Open HughP opened 2 years ago
@HughP I don't think there is anything new but I might have missed that. The reference to ISO 639-2 or ISO 639-3 is historic since those were the codes originally commonly available (and managed by Library of Congress). Since all of the property definitions are "recommended," not required, there's really no conflict that I can see. Note that there is no required validation for DC Terms and if someone wants to use dct:language "French" they are free to do so.
Greetings,
Am I to correctly understand that new approved syntaxes have crept into DC/DCT usage via the language tag recommendations?

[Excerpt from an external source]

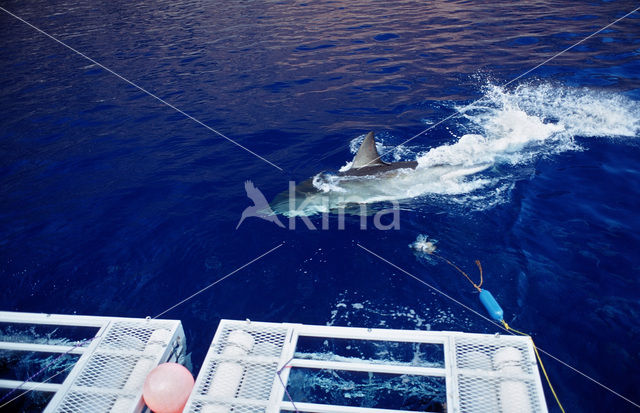 great white shark (Carcharodon carcharias)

To prevent this from happening can we just define a syntax for BCP-47 which is the current recommendation? BCP-47 has in the past pointed to each of RFC1766, RFC3066, RFC4646, RFC5646. Each progressive standard in the BCP-47 series does not invalidate the next set of codes but rather adds specification. All RFC1766 tags are valid RFC5646 tags, but not all RFC5646 tags are valid RFC1766 tags. However all RFC1766 tags and all RFC1766 tags are valid BCP-47 tags. As I understand things, by pointing to RFC5646 rather than BCP-47 it does not allow for the implementation of RFC6067 and RFC6497 within the narrowly interpreted syntax of RFC5646. RFC5646 allows for 35 subtags with in the BCP-47 space, RFC6067 and RFC6497 define two of these without changing the syntax of the BCP-47 tag scheme. It's just that when narrowly understood, RFC5646, now doesn't include all of BCP-47.
My thought is that it might be possible to just define BCP-47 as a syntax and if additional sub-tags are registered then there is no-need on the part of DCMI to update the number of syntaxes DC/DCT count as valid.